Il terzo asse di ricerca riflette sulla necessità di trovare nuove modalità per contrastare il generarsi del terrorismo e con esso i meccanismi del
potere che contribuiscono a determinarlo e che approfittano di esso per
aumentare il controllo sulla popolazione.
Godard
insiste nel denunciare il ruolo dei media nella costruzione di un
immaginario avariato e funzionale al mantenimento del consenso che
agisce di concerto ai fenomeni di terrorismo contemporanei. Si pensai al fatto per cui l’11 settembre del 2001, mentre la mano terrorista faceva circa
2.800 morti nell’attacco al World Trade Center, contemporaneamente nel
mondo morivano 30.000 esseri umani di fame, ed altrettanti erano morti,
per lo stesso motivo, il giorno prima e sarebbero morti il giorno dopo
nel silenzio assordante dei media. È spaventosa la sproporzione con cui i
media hanno dato il giusto peso alle vittime dell’attentato e il
silenzio quotidiano per i 30.000 esseri umani che ogni giorno muoiono di
fame. Tale sproporzione non può che dar luogo a un diffuso immaginario
alterato.
Paradossalmente il mondo contemporaneo, sottolinea l’autore, «è si
percorso da guerre, ma la maggior parte dei paesi vive in pace. Regna
così una sorta di appagamento generalizzato, un consenso di persone
soddisfatte... Soddisfatte? Spesso è proprio chi gode dei benefici di
questo sistema profondamente ingiusto a deplorare la violenza agli
angoli delle strade, il “jihadista” che colpisce alla cieca, perché
l’irruzione di una violenza che sembra del tutto priva di senso rivela
la fragilità di quel benessere e i suoi limiti.

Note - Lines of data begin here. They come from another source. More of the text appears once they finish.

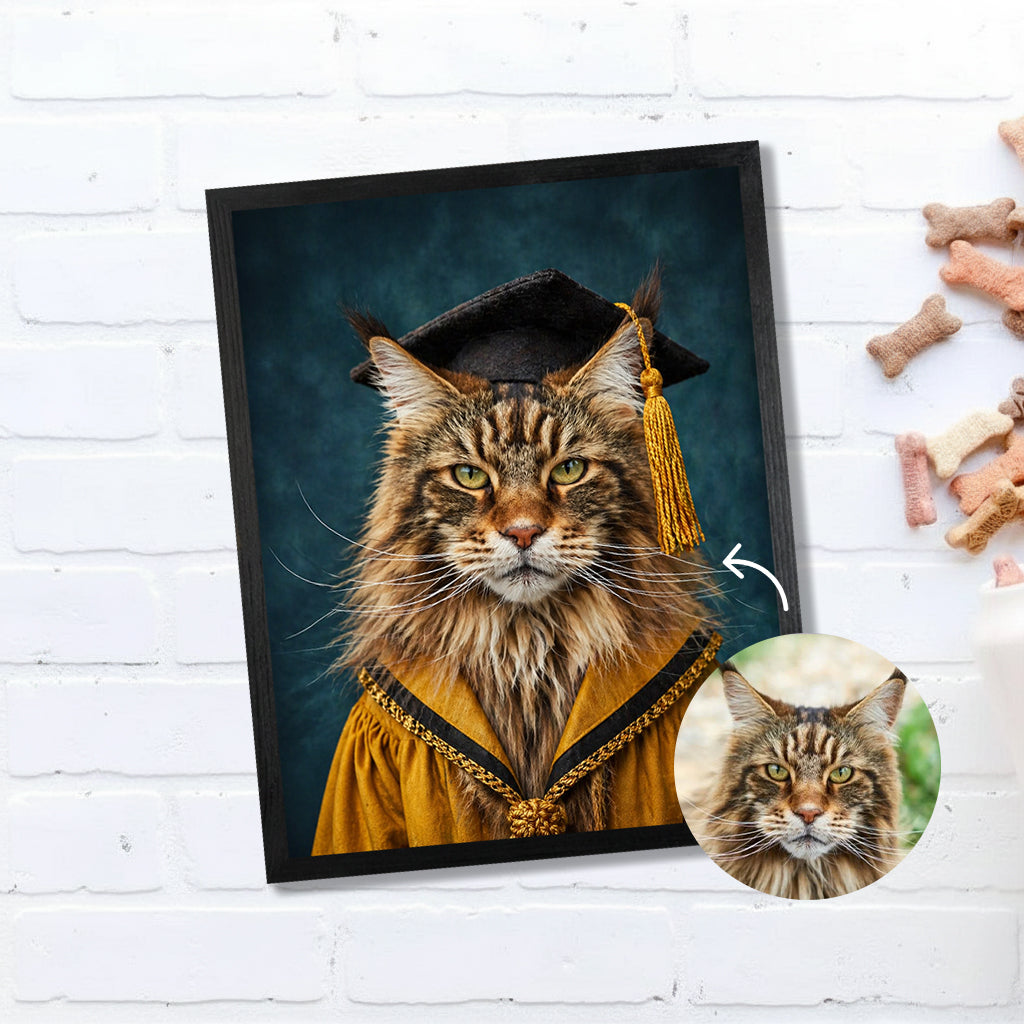 Framed cat graduation portrait on wood displayed on a wall as a funny cat graduation keepsake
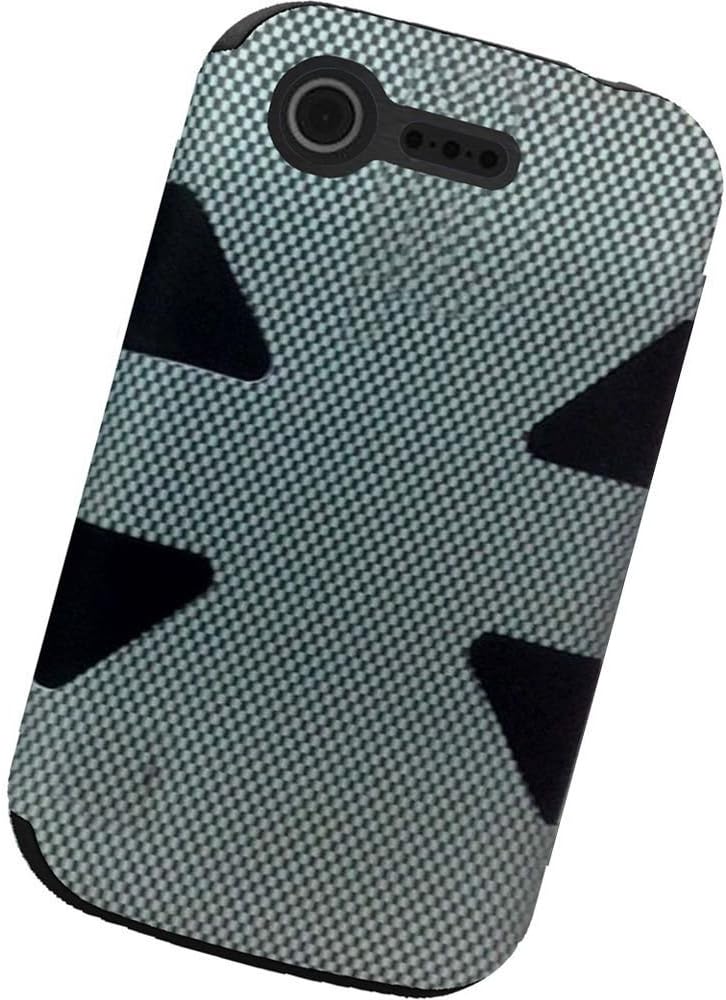 HR Wireless Dynamic Slim Hybrid Case for LG Optimus Zone 2 L34C Fuel - Retail Packaging - Carbon Fiber/Black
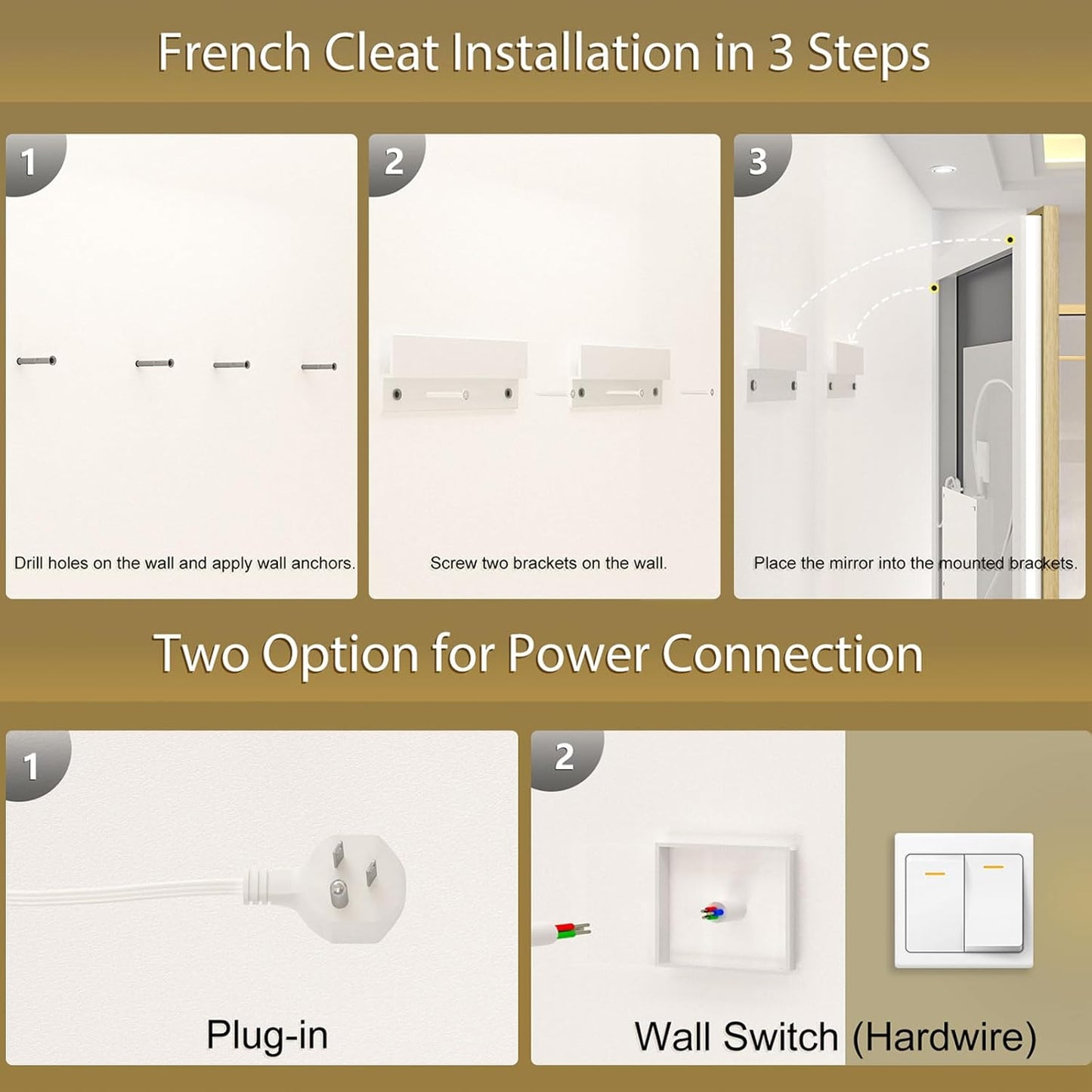 OKPAL 24x32 Gold LED Bathroom Mirror with Lights, Frontlit & Backlit Metal Framed Mirror, Lighted Bathroom Vanity Mirror, Anti-Fog, Dimmable 3 Colors, Shatterproof, Horizontal/Vertical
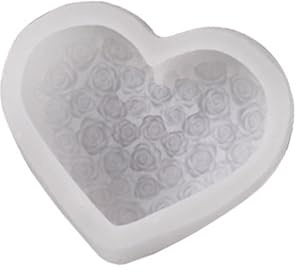 ZEPFJHE Stampi in silicone a forma di cuore a forma di fiore di rosa stampi in silicone per resina epossidica stampi in silicone per la produzione di sapone gesso forniture artigianali stampo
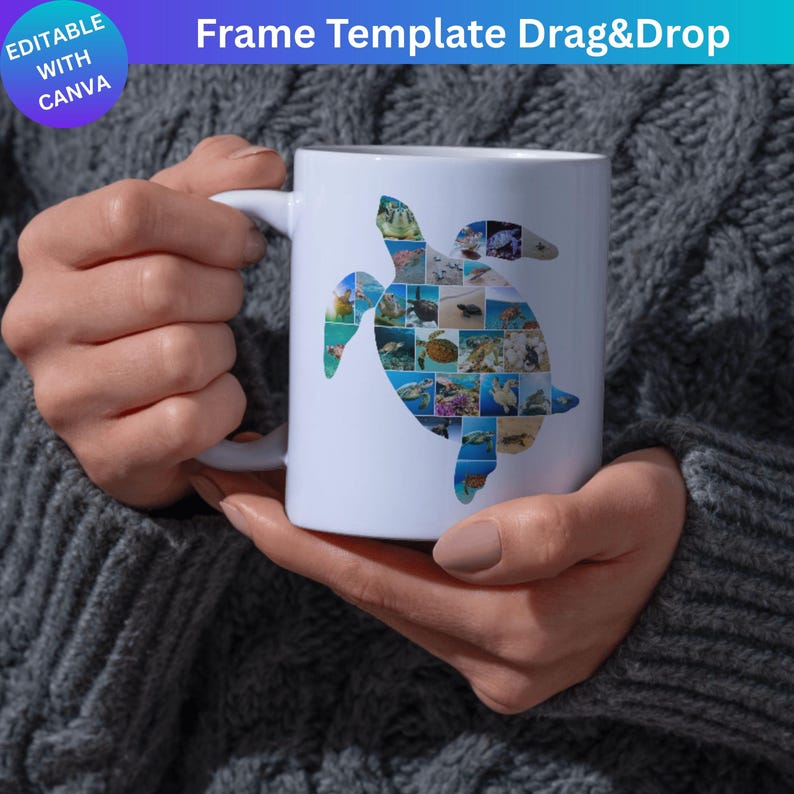 Sea Turtle Photo Collage Canva Frame Template, Drag and Drop Grid ...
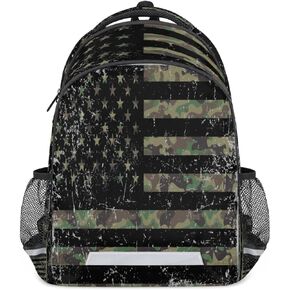 American Flag Camo School Backpack for Girl Boy Teen Vintage USA Flag Student Bookbag for Elementary Primary Junior School Bags College Travel Daypack Laptop Backpack for Men Women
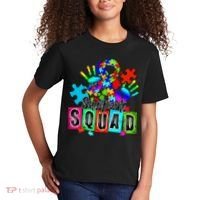 Autism Awareness Month Ribbon Support Squad Kids T-Shirt thumb 2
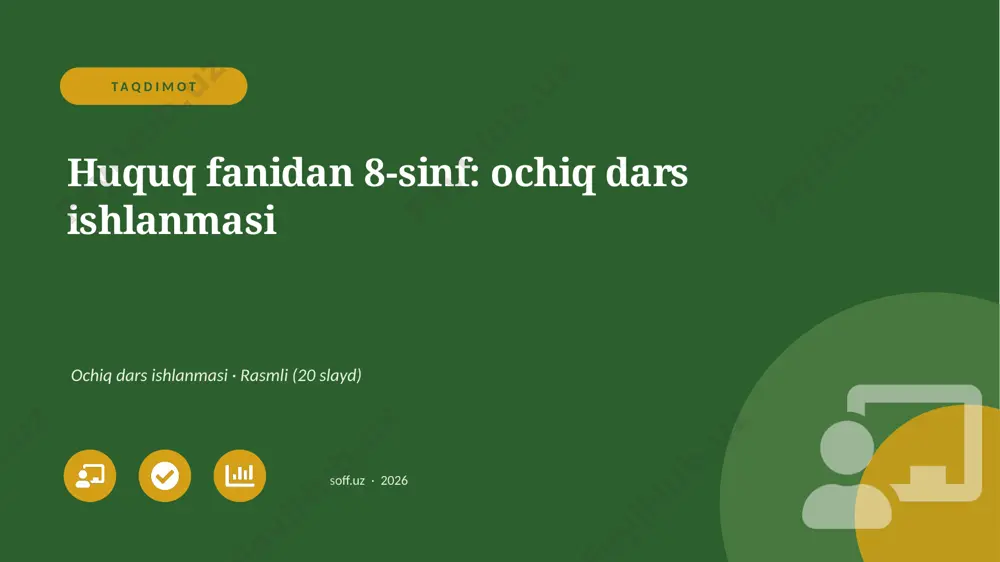 01206_huquq_fanidan_8_sinf_ochiq_dars_ishlanma — PPTX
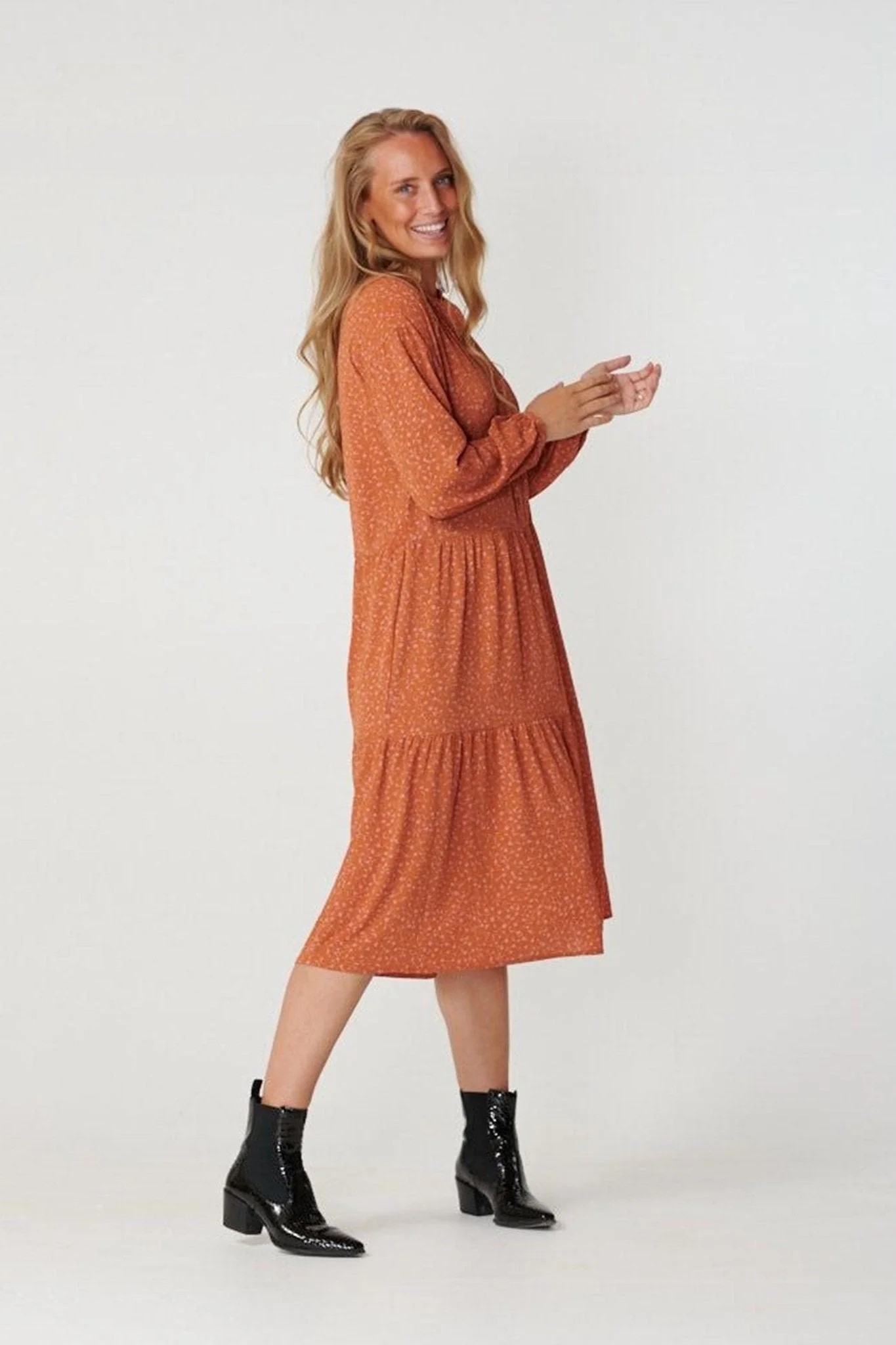 Sara Langarmed Kleid - Rosa - Image 2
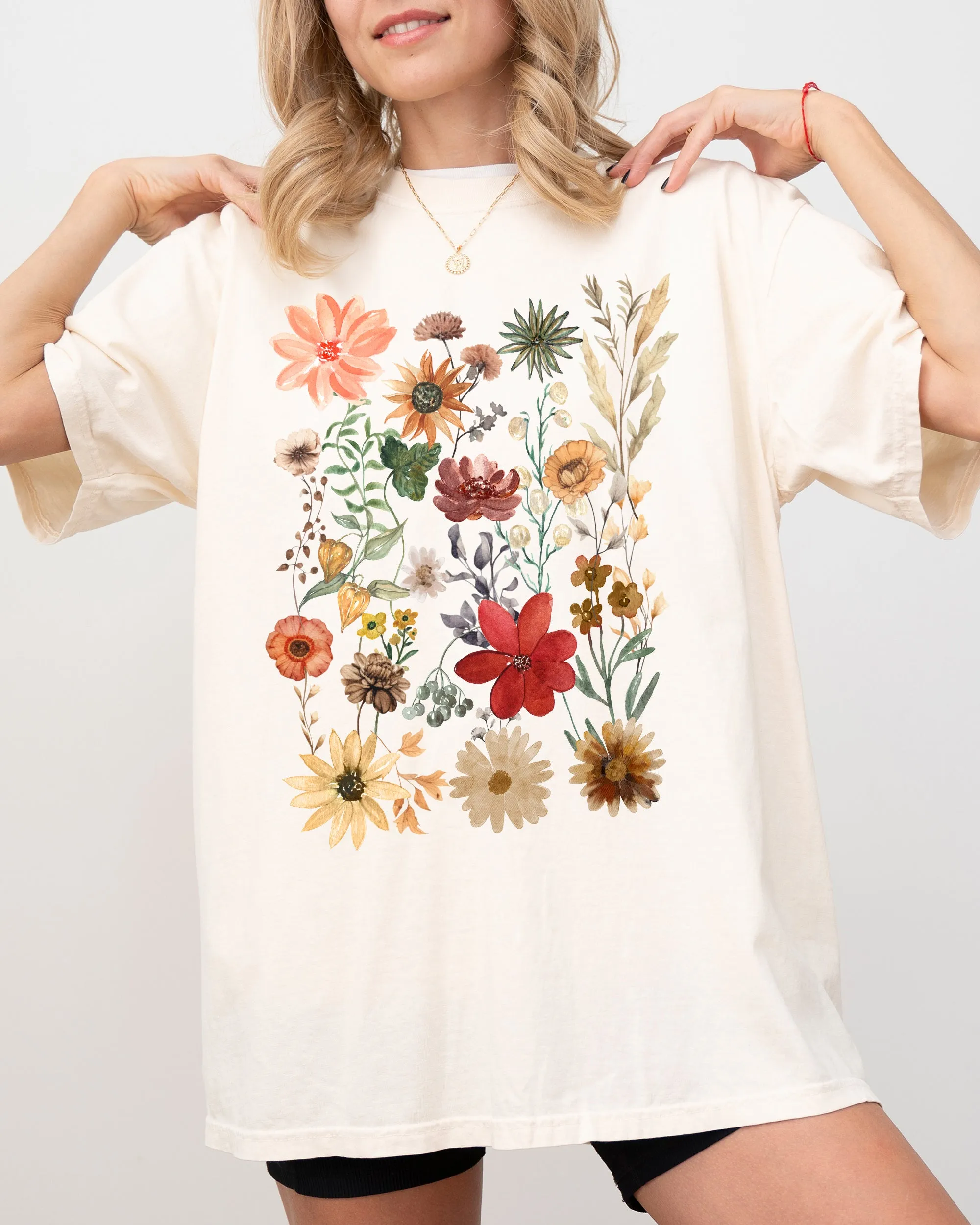 Autumn Pressed Flowers, Beautiful, Nature, Leaves, Botanical, Fall Shirt Comfort Colors T-Shirt sold by Refinery Number One product image thumbnail 3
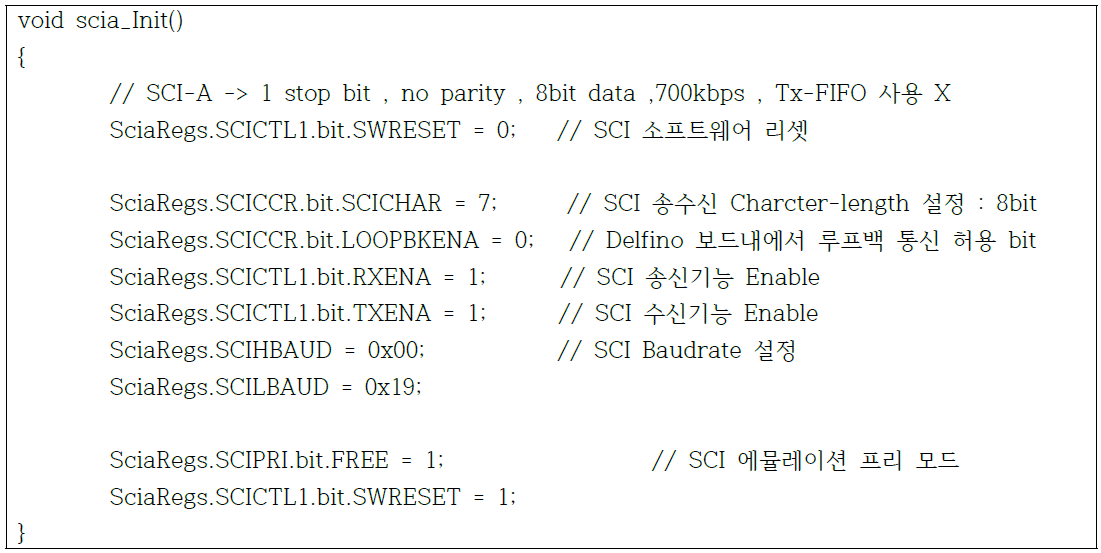 송신부 SCI 레지스터 초기화 함수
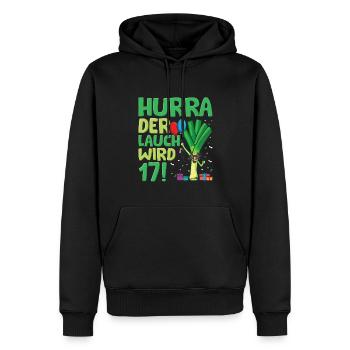 Hurra der Lauch wird 17 - Männer Premium Bio Hoodie - Schwarz - Vorne - Nico (187cm)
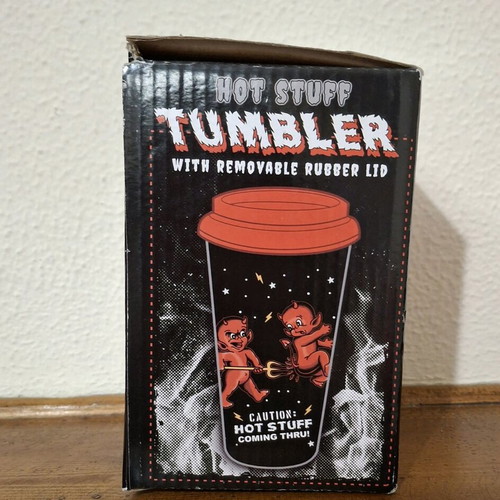 Sourpuss Hot Stuff ceramic tumbler 12oz like new, collectible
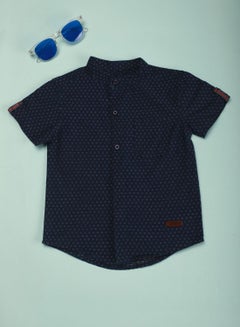 Buy Baby Boys Collar Neck Short Sleeve Shirt Blue in UAE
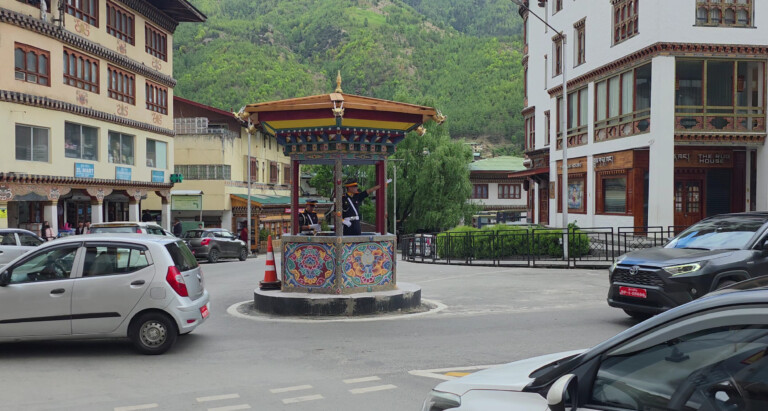 Street with traditional architecture in Bhutan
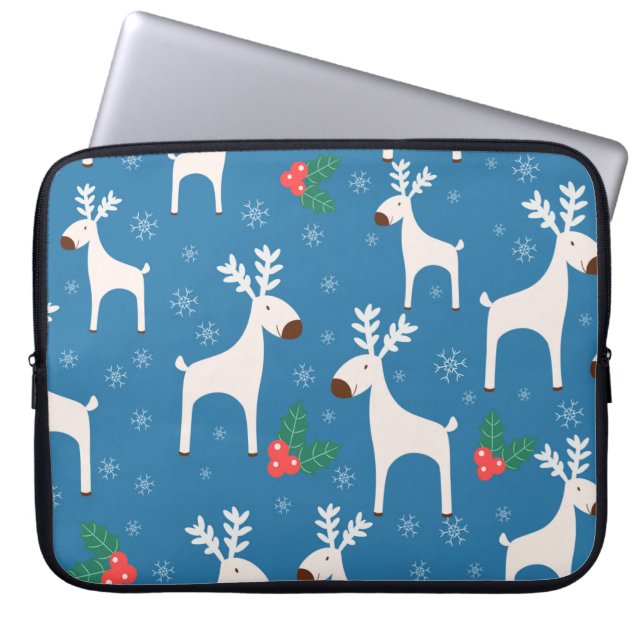 Winter background with deers ( seamless pattern)an laptop sleeve (Front)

C’è dunque al contempo
la consapevolezza che il mondo non è poi così violento, o è addirittura
in pace, e la sensazione diffusa che chiunque possa essere colpito da
qualche terrorista, dal membro di una gang o da un pilota d’aereo
suicida. L’ultraviolenza non è necessariamente una violenza subita, e
oltretutto ha dimensioni infime rispetto alla scala umana. Si tratta
tuttavia di una violenza fortemente percepita». Dunque, si chiede lo
studioso, perché parlare di ultraviolenza? «Perché il suo carattere
cieco e imprevedibile fa sì che ognuno si senta coinvolto nella marea di
informazione o di disinformazione che lo investe tutti i giorni, e che
per la maggior parte di noi non si ferma quando si spegne la TV o la
radio. Proprio come per il senso di insicurezza, è difficile negare il
ruolo preponderante dell’informazione, in tutte le sue forme, nel
veicolare l’ultraviolenza quotidiana, che è ascoltata, vista, letta e
quasi vissuta in diretta».
Fino ad ora i paesi che si vogliono democratici hanno pensato di
combattere il terrorismo, come ne fossero del tutto estranei, attraverso
ricette che «contraddicono quel che rimane della democrazia». Se nel
mondo contemporaneo il consenso si basa su facili capri espiatori (il
terrorista islamista, il complotto ordito dai servizi segreti di questo o
quell’altro stato...) esso «poggia in parte sulla convinzione, condivisa
da buona parte della popolazione, che esistano perenni cospirazioni,
allora è opportuno “disintossicare” questa parte della popolazione»
attraverso un’operazione culturale che dia luogo a una
ripoliticizzazione del corpo sociale e ad un immaginario altro rispetto a
quello proposto. Occorre, sostiene lo studioso, una nuova forma di
consenso che si basi sul dibattito e sul contraddittorio, un consenso che includa il conflitto, che discuta delle differenze e delle divergenze.
«Siamo ormai in tanti» conclude Godard, «a non accontentarci della
propaganda di Stato veicolata dai grandi media, soprattutto radio e
televisione, o a rifiutarla del tutto, così come non ci accontentiamo
più del modo in cui ci “rappresenta” la classe politica, che va perdendo
credito a ogni tornata elettorale dato che non rispetta il mandato del
popolo. La politica politicante è ormai diventata del tutto
irrilevante». E forse, aggiungiamo noi, anche in fenomeni come quello
dei gilets jaunes che sta attraversando la Francia da qualche tempo, pur tra mille contraddizioni, è ravvisabile questa sempre più diffusa insopportabilità del potere, delle sue politiche e delle sue menzogne.